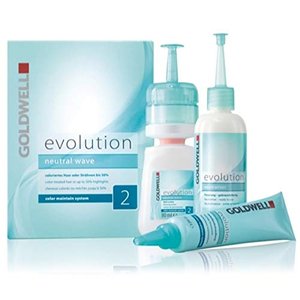 Goldwell Evolution Perm 2 Set Dauerwellenbehandlung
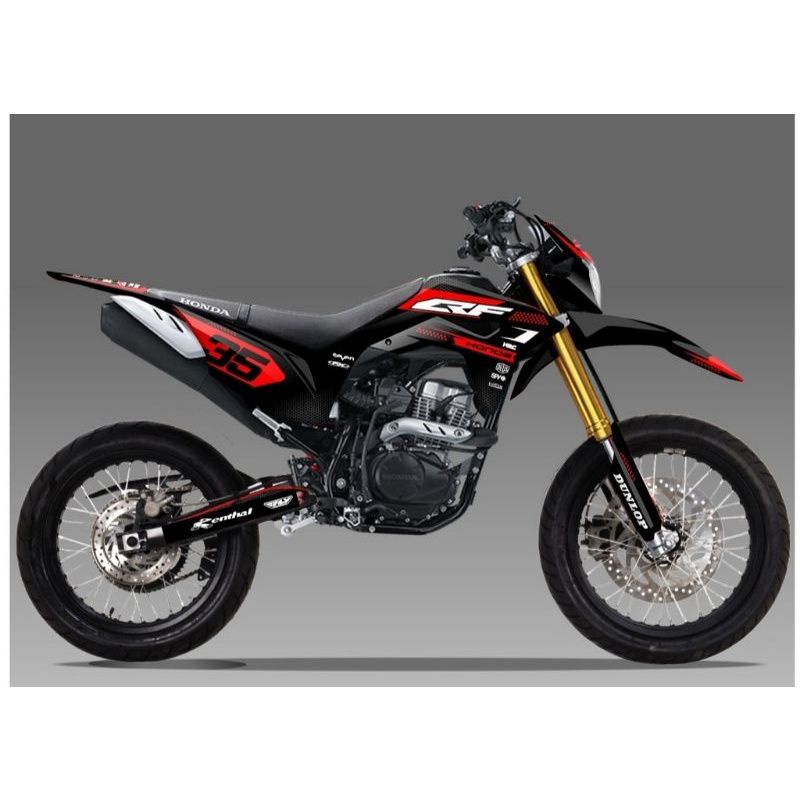 Decal Honda CRF 150 L full body decal motocross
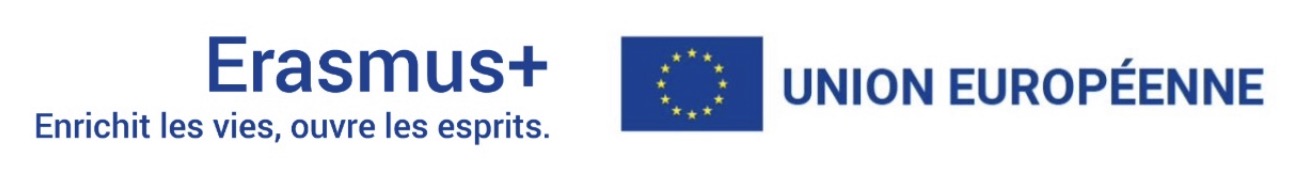 Erasmus+ et Union européenne — Enrichit les vies, ouvre les esprits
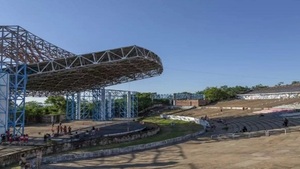 Anfiteatro vuelve a manos de la municipalidad de San Bernardino - Paraguaype.com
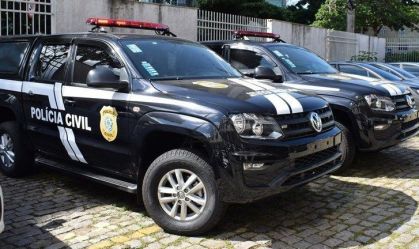 Casal é preso por aplicar golpes utilizando imagens de criança com câncer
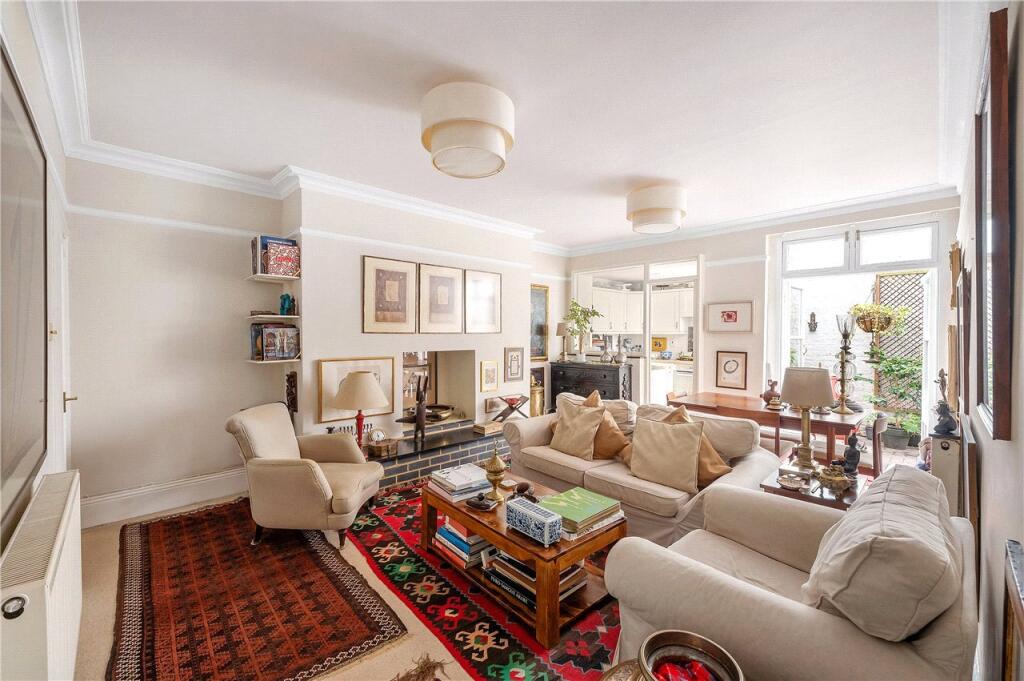 Main image of property: Queen's Gate Place, London, SW7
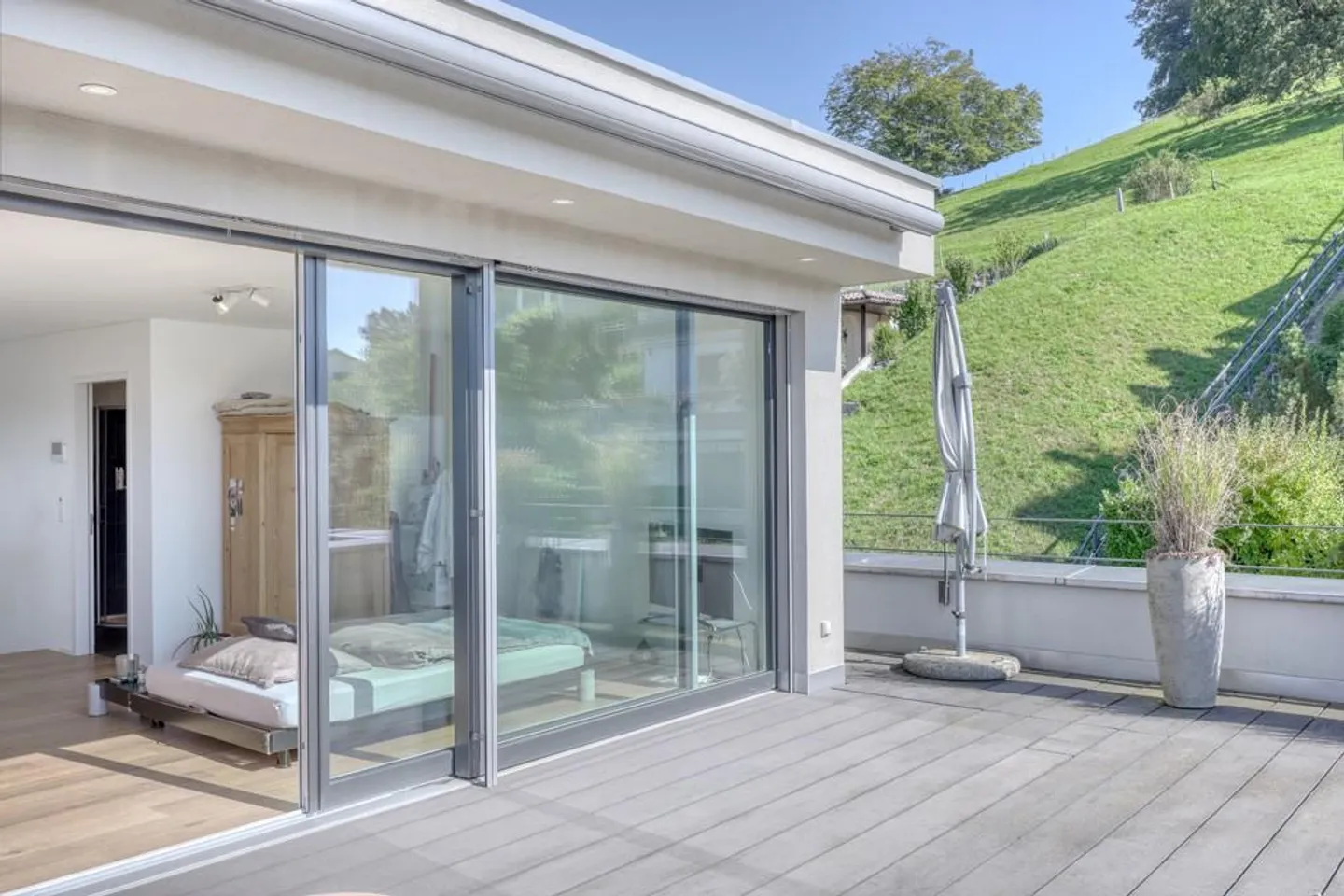 Lusso, vista panoramica e meraviglie di spazio? La tua residenza da sogno in una posizione privilegiata - Foto 19 di 25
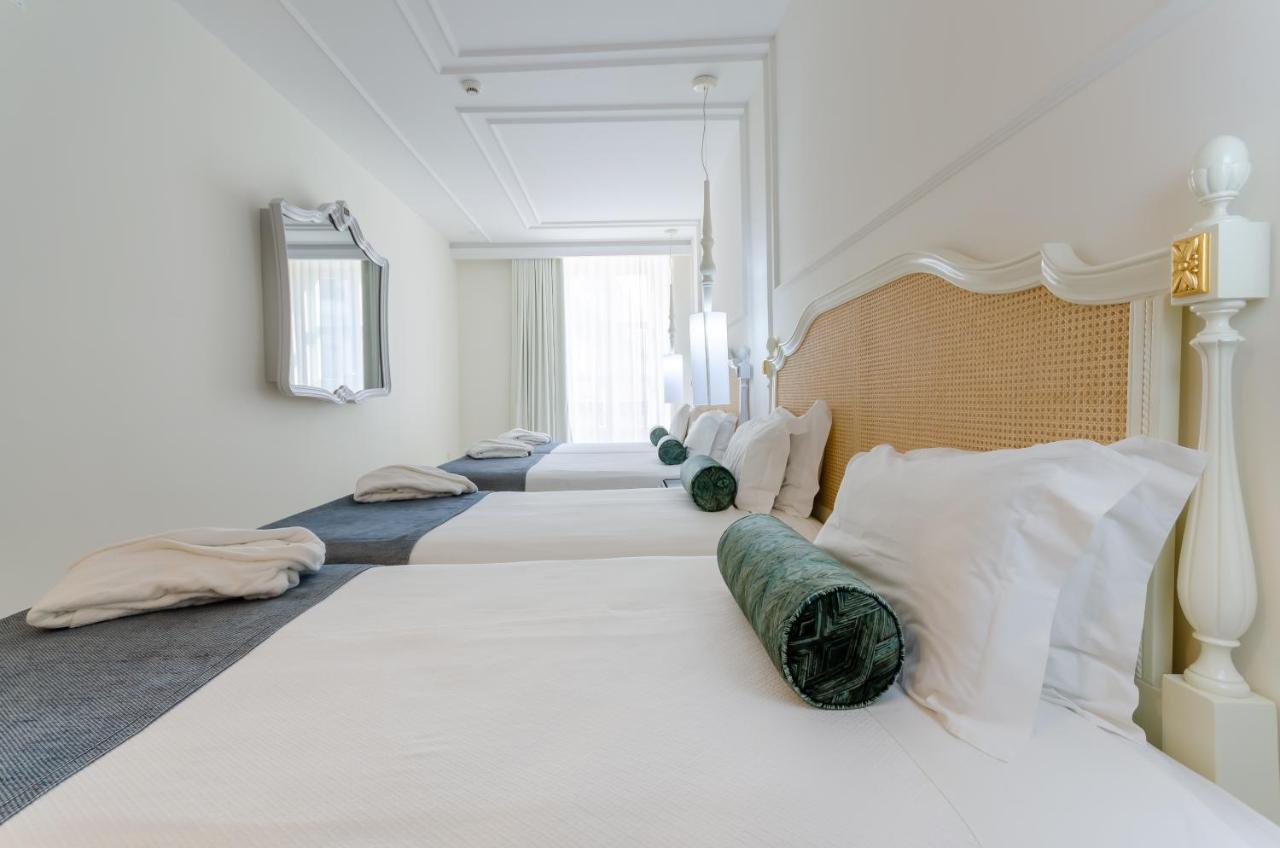 Hotel Borges Chiado Lisabona Exterior foto
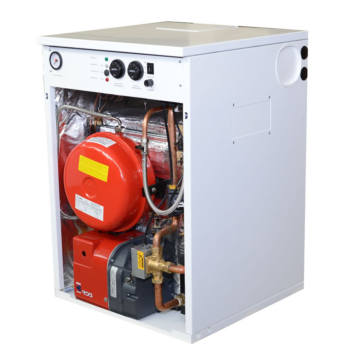 Mistral Combi Standard Non-Condensing Oil Boiler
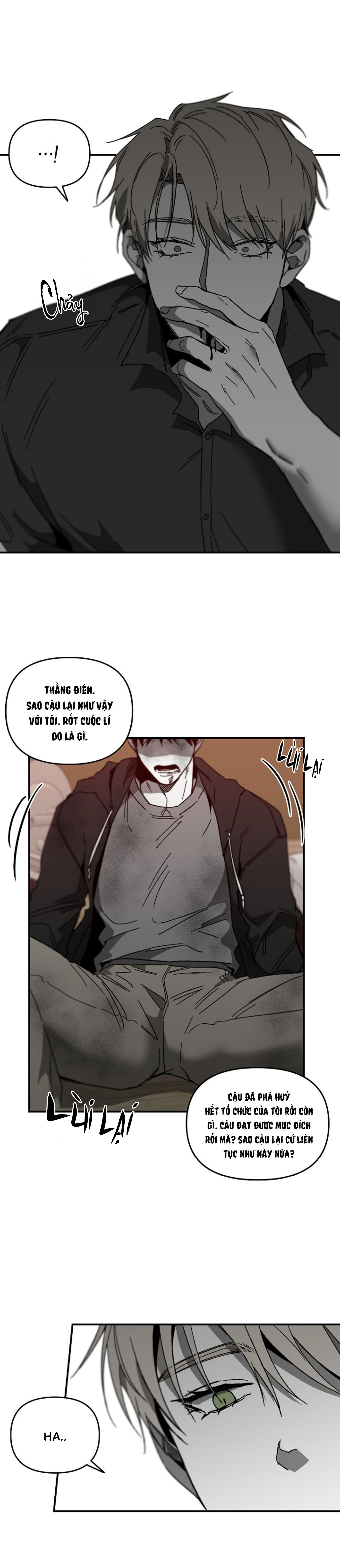 Không Lý Do - Chap 20 (H)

------------------------------------------------------------

Pictures must be left out. Return verbatim only the lines from the line with "Main image of" through the final line of the material above, including both ends.

◆ Response:
 Main image of property: Queen's Gate Place, London, SW7
 Lusso, vista panoramica e meraviglie di spazio? La tua residenza da sogno in una posizione privilegiata - Foto 19 di 25
 Hotel Borges Chiado Lisabona Exterior foto
 Mistral Combi Standard Non-Condensing Oil Boiler
 Không Lý Do - Chap 20 (H)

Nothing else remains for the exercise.